Why Choose a Homestay ?
The best homestays are those that are overseen by charity organisations and local social initiatives that aim to support local tribespeople and improve their lives through homestay programs. By hosting guests in their homes, many families are able to support themselves financially, plan for their children’s futures and generally improve their standard of living. Members of local tribes who would previously have struggled to make ends meet, such as elderly couples, widowed mothers and unmarried women, can earn an independent income and avoid exploitation. Organisations such as Sapa Sisters, Sapa O’Chau and Sapa Tribes are known for their ethical approach to homestays.
Choosing to spend the night in a homestay means choosing to wake up in a stunning location, one normally only seen during the course of a trek or jeep tour. Homestays are people’s actual homes in the villages surrounding Sapa so you can enjoy simple, authentic village life and experience life from the perspective of the local tribespeople. A stay in a homestay is normally combined with a trek of some sort which means you wake up surrounded by beautiful scenery, already at the first destination on your trek.
It’s important to be aware that for most homestays Sapa you will be sleeping in a part of the host’s home. The standard of the home comforts will probably not be what you’re used to. At the very least you will have a comfortable bed of your own and access to electricity. Toilet facilities vary and access to a hot shower can be rare. Some homestays host different groups of people on the same night so find out if you’ll be sharing your room with anyone else before you commit to staying. It’s important to ensure you have an idea of what is available to make sure your accommodation meets your expectations. That said, this is all about experiencing new things so sometimes it’s best just to go with the flow!
During your homestay you will come into contact with many and varied local people offering you a unique immersion in their culture and customs. Families are large and extended in Sapa. Most families will have children, (some will have many children!) so you will need to be comfortable with getting a lot of attention from curious little ones! Many villagers who host homestays will speak English but it is rare for Sapa villagers to be able to read and write in English. Mong is the local language amongst the Black H’Mong tribes, but most other will speak Vietnamese.
Food and Drink
Most homestays offer an evening meal and breakfast as part of your stay. As in the rest of Vietnam, food is very important in Sapa and local people are keen to show foreigners their culinary skill. You can expect a well-prepared and tasty Sapa feast on the night you arrive, perfect if you have been trekking Sapa all day in the mountains and valleys of picturesque Sapa. Homestays are usually customisable and hosts are very accommodating. If you’d like to learn more about Sapa cooking by helping to prepare the evening meal or assist your host in buying ingredients at the market, you need only ask.

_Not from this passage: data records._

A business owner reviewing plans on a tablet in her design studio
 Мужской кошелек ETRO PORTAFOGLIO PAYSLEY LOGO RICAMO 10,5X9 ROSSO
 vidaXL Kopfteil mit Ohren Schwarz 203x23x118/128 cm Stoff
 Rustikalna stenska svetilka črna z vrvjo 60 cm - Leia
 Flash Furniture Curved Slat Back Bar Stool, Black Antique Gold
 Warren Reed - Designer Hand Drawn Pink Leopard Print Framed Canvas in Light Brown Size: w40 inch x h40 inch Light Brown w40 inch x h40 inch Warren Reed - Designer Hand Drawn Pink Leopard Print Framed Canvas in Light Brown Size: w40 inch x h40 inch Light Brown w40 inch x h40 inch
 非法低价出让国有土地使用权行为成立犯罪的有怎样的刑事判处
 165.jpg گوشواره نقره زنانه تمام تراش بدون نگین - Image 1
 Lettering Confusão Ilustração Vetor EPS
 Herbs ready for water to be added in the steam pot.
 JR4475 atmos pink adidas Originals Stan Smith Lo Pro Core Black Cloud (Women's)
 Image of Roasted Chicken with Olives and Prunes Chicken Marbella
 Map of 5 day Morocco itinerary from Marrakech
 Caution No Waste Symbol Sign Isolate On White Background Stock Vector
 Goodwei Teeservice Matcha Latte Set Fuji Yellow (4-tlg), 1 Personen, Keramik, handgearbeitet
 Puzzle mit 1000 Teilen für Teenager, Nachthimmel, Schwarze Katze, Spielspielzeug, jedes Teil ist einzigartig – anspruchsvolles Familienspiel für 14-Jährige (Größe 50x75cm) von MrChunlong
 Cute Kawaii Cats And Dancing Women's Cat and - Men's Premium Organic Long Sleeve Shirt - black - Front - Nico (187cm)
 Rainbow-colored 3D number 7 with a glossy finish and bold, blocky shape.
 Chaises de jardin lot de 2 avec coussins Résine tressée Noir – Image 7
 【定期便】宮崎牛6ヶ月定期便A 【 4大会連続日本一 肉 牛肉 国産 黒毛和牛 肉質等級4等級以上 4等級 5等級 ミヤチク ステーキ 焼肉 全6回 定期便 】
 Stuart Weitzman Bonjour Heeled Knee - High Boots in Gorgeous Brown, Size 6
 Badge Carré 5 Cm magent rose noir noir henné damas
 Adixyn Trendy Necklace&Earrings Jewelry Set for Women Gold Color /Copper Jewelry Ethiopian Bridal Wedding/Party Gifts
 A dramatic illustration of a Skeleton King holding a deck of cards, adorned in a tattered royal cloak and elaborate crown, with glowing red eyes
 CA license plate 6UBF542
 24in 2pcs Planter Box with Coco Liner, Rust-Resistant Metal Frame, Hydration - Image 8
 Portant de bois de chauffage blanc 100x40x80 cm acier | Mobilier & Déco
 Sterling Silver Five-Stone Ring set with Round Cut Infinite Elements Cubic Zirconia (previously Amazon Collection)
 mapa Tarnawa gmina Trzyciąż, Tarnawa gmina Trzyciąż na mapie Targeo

Traditional herbal baths are very common in Sapa and many homestays will offer this luxurious treat as part of your stay. If the bath is not available in the homestay itself, it will not be difficult to find somewhere in the village where you can indulge for a few thousand dong. Staying in a homestay is also the perfect time to buy handcrafted souvenirs. Unlike the markets of central Sapa, where many items are shipped from China and sold by Vietnamese people from other parts of the North, the small villages around Sapa are where you can buy genuine handcrafted goods and support local tribespeople.